Para Guilherme Dias as atitudes tomadas por Bolsonaro em sua primeira semana de governo como, por exemplo, a transferência da demarcação de terras indígenas e quilombolas para o Ministério da Agricultura, não são uma surpresa: “As ações adotadas nesse início de governo não surpreendem no sentido de serem novidades pois, foram apresentadas durante o processo eleitoral e a maioria da população votou nesse projeto. Talvez tenha havido uma falha na forma de comunicar para a população as agendas desses grupos, as agendas progressistas foram sendo vinculadas a piora das condições de vida da população, a corrupção, a destruição dos valores familiares, a um pretenso socialismo que teria vigorado no Brasil durante os governos de FHC (!), Lula e Dilma. Nós temos uma sociedade que questiona Direitos Humanos, isso não é à toa, é produto de uma construção narrativa que se mostrou consolidada nesse processo eleitoral e que segue se sofisticando. Se isso não for compreendido e se não forem compreendidas as demandas da população, não é possível pensar em mobilização significativa, em manifestações que pressionem o governo a rever suas posições”.

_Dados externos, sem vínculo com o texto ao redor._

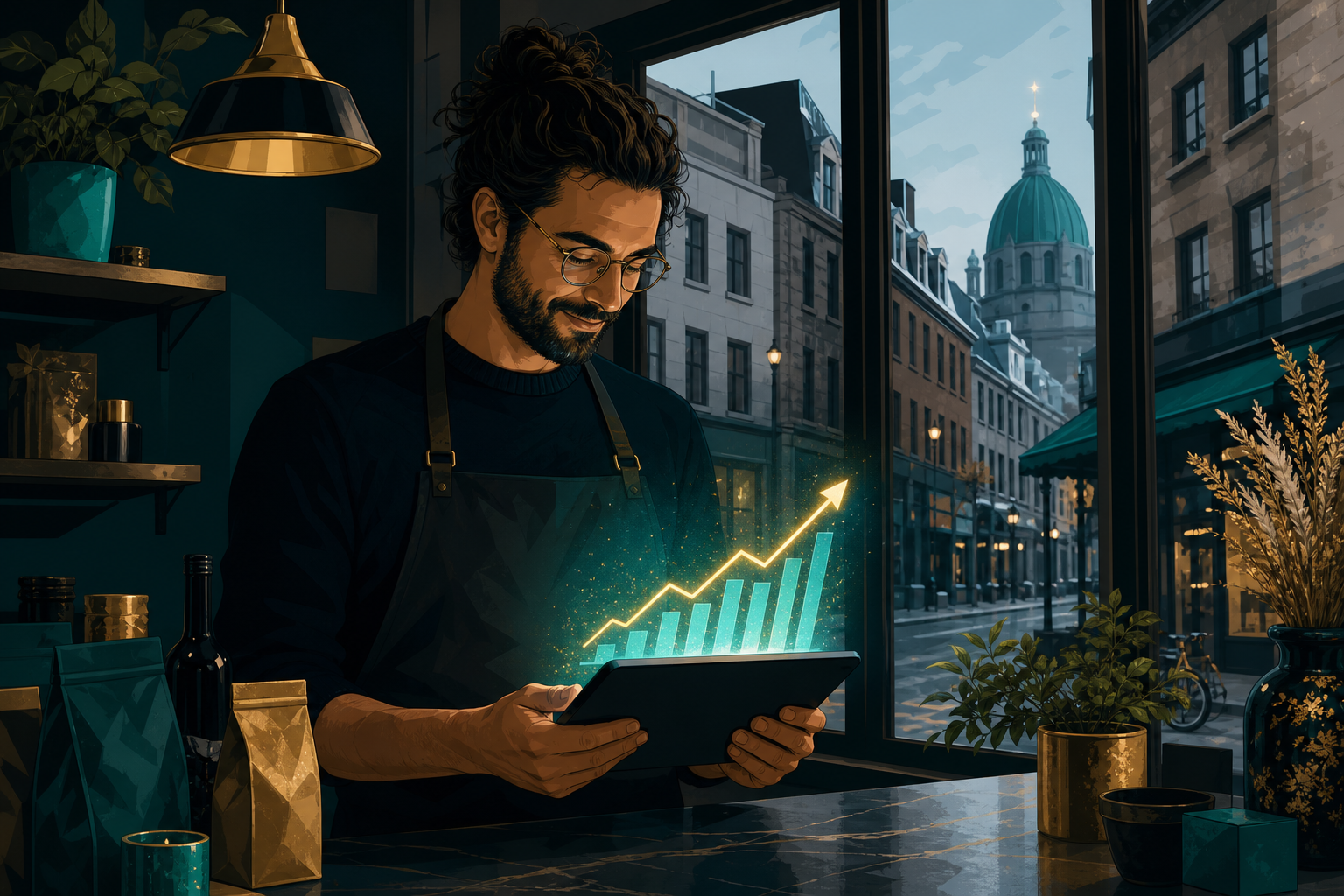 A small business owner in a Montreal street-level shop looking at a glowing upward-trending graph on a tablet, with city arch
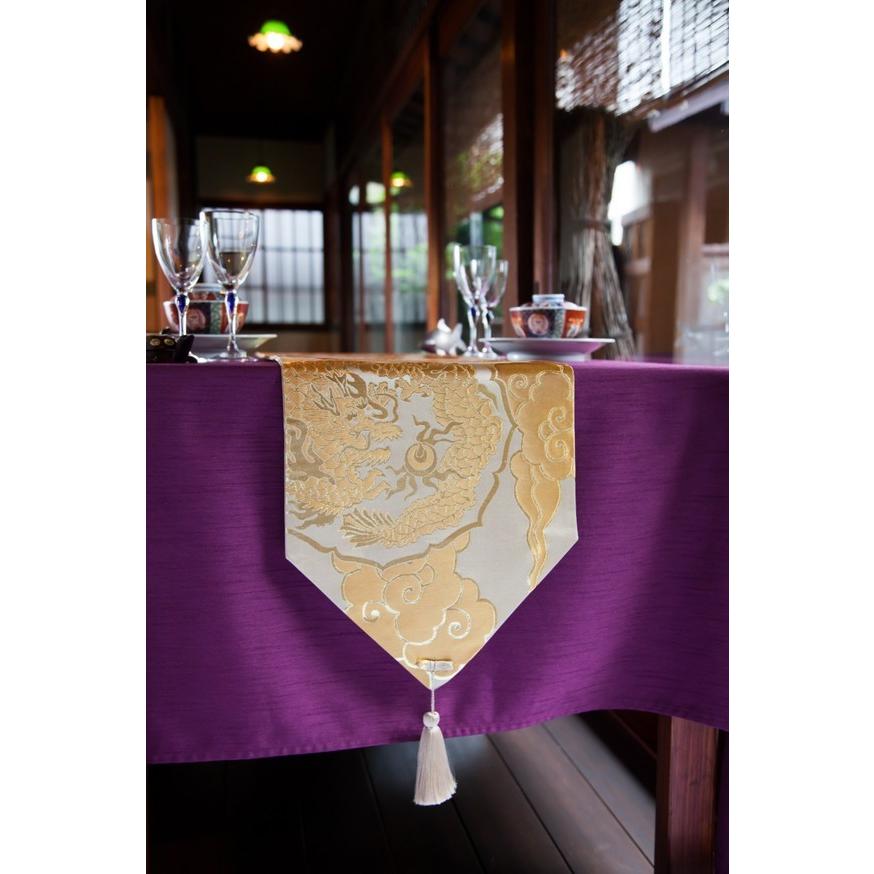 テーブルランナー 西陣 金襴正絹 散雲丸龍 岡本織物株式会社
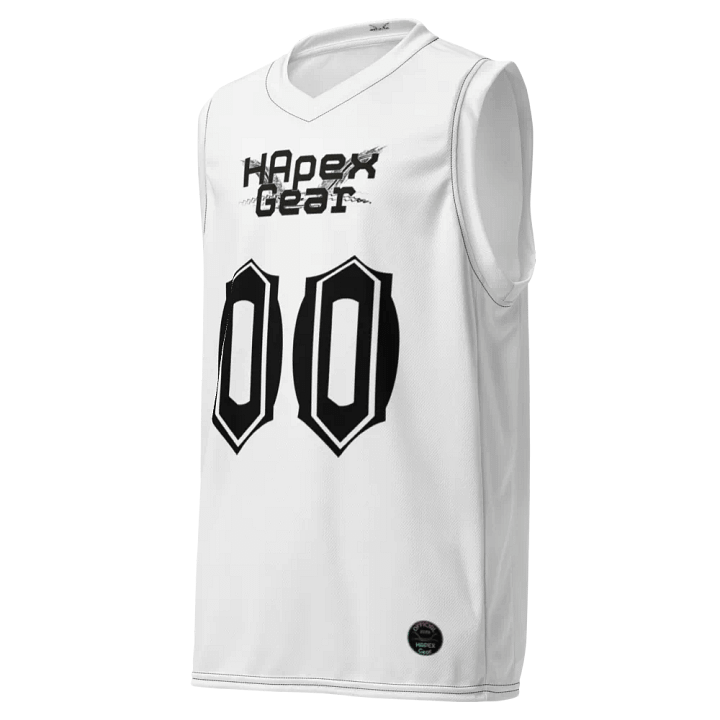 Eisko - White - Recycled Unisex Basketball Jersey - Black HApex Gear Black Logo product image (1)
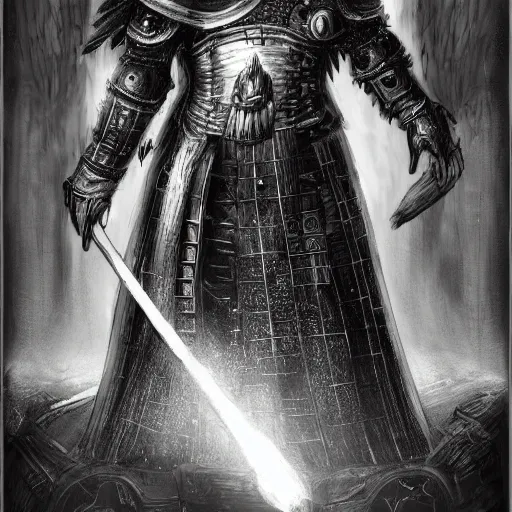 Image similar to reliquary, trench crusade, dark souls, b & w, concept art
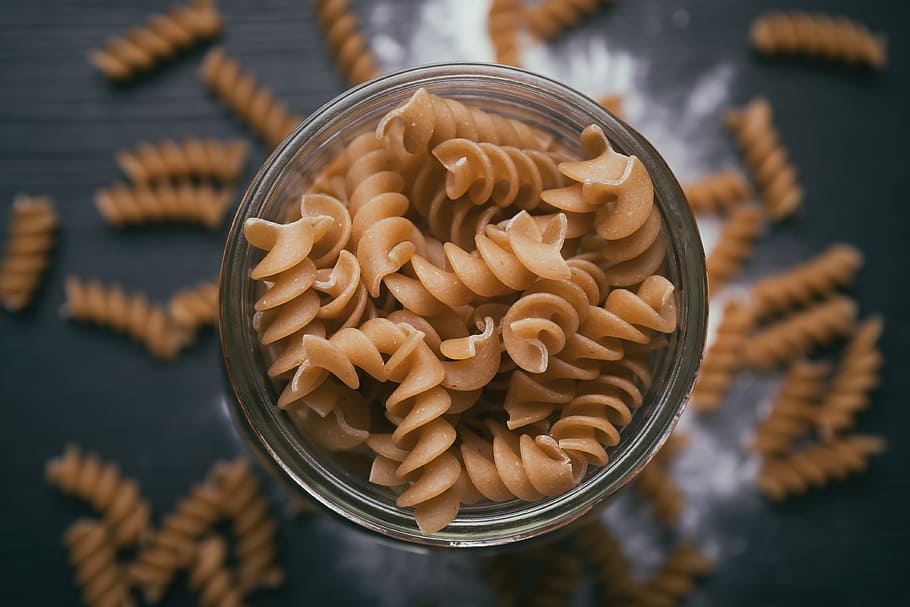 pasta in glass, food and Drink, pasta, freshness, food, focus on foreground, indoors, close-up, table, high angle view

Em relação a organização política atual, Guilherme Dias diz que temos uma divisão no campo da esquerda: “De um lado temos PSOL e PT com uma postura mais combativa e o bloco PDT-PSB-PCdoB com uma postura mais pragmática, mas ainda assim se opondo ao novo governo. Antes de Bolsonaro há uma disputa pela hegemonia no campo da esquerda que ameaça uma atuação mais integrada desses partidos. Por muito tempo o PT liderou esse grupo, mas hoje, com diversas lideranças presas e a contestação de um certo hegemonismo petista, a disputa pelo comando está colocada e tende a ser uma questão difícil de se resolver. Não acredito que os partidos de esquerda votem contra as suas convicções por causa dessa disputa, mas seguirá sendo difícil a formação de uma frente de oposição que atue em outras arenas além do Congresso. Em relação a Bolsonaro, esses partidos foram oposição até 2002 e ainda carregam a memória de serem minoria, da necessidade de usarem as minúcias dos regimentos do parlamento, o judiciário e alguns espaços na mídia para contestarem pautas do novo governo. Além disso, a oposição precisa compreender que há um campo novo de disputas e que a questão das narrativas é central para os processos eleitorais municipais de 2020 e gerais de 2022. Hoje os setores de extrema direita dominam esse campo e não serão derrotados se o centro-esquerda e a esquerda seguirem com práticas do século passado”.